Literature DB >> 15890423

The impact of hormone therapy on post-implant dosimetry and outcome following Iodine-125 implant monotherapy for localised prostate cancer.

Dan Ash1, Bashar Al-Qaisieh, David Bottomley, Brendan Carey, Joji Joseph.   

Abstract

BACKGROUND AND
PURPOSE: Many patients with localised prostate cancer present with symptoms of benign prostatic hypertrophy (BPH) and require neoadjuvant hormone therapy to shrink the gland before brachytherapy. The impact of this hormone therapy has been evaluated in 667 patients treated with Iodine seed monotherapy. PATIENTS AND METHODS: Prospective data from 667 patients treated between 1995 and 2001 by I-125 seeds prostate implant as monotherapy were analysed. The mean age was 63 years (42--77 years). Three hundred and forty-six (51.9%) patients had a short course of neo adjuvant hormone therapy and 321 (49.1%) did not. The prescribed minimum peripheral dose was 145 Gy (TG 43). Patients were followed up to a maximum of 8.2 years and a minimum of 18 months. Statistical analysis was performed to identify factors that would predict PSA relapse-free survival (PSA-RFS) defined by the American Society for Therapeutic Radiology and Oncology (ASTRO).
RESULTS: Overall the PSA relapse-free survival is 76.1 and 72.6% for patient cohorts being on pre-treatment hormones and not, respectively (P=0.107). Subdivided into risk groups the low risk group showed 92.5% PSA-RFS with hormones and 75.1% without (P=0.327).

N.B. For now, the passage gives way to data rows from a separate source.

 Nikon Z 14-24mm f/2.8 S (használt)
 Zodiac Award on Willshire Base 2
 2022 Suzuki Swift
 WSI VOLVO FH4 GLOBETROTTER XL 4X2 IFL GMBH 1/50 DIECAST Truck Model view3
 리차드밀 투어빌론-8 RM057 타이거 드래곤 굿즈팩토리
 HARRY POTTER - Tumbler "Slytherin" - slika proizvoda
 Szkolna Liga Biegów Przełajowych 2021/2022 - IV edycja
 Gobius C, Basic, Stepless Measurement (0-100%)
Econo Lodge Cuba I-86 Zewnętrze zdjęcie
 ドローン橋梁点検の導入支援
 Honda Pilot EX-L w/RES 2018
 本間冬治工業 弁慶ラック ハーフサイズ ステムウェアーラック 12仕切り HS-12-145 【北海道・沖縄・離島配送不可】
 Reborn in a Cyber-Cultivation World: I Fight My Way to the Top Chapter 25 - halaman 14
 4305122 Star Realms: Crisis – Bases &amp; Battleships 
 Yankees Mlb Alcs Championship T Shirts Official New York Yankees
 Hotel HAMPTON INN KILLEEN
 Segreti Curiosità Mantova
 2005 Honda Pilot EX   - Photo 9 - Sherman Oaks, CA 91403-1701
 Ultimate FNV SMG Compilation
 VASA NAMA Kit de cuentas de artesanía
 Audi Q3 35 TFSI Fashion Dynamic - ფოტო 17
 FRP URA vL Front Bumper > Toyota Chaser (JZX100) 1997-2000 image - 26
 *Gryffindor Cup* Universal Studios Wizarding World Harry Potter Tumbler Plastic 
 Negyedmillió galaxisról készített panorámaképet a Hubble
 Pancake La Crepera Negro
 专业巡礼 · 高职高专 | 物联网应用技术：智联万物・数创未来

The intermediate group 75.7% with hormones and 72.9% without (P=0.148) and for the high-risk group 51.1% with and 51.1% without hormones (P=0.942). Evaluation of post-implant dosimetry in patients with and without hormone therapy showed that the D90 for those who received hormone therapy was 130.8 Gy compared with 145.1 Gy for those who did not (P<0.001). This may be related to the degree of oedema at the time of post-implant dosimetry. The CT to ultrasound prostate volume ratio was 1.17 for patients who received hormone therapy and 0.98 for those who did not (P<0.001). It is suggested that in the interval between stopping hormone therapy and doing post-implant dosimetry there was an increase in prostate volume, which results in a lower D90. Significant correlation was found between D90 and prostate volume on post-implant CT dosimetry with higher D90s for small volume prostates (P<0.001).
CONCLUSIONS: Overall hormone therapy had no significant effect on outcome. The apparent lower D90 in hormone treated patients may be related to a change in volume between pre-implant and post-implant dosimetry.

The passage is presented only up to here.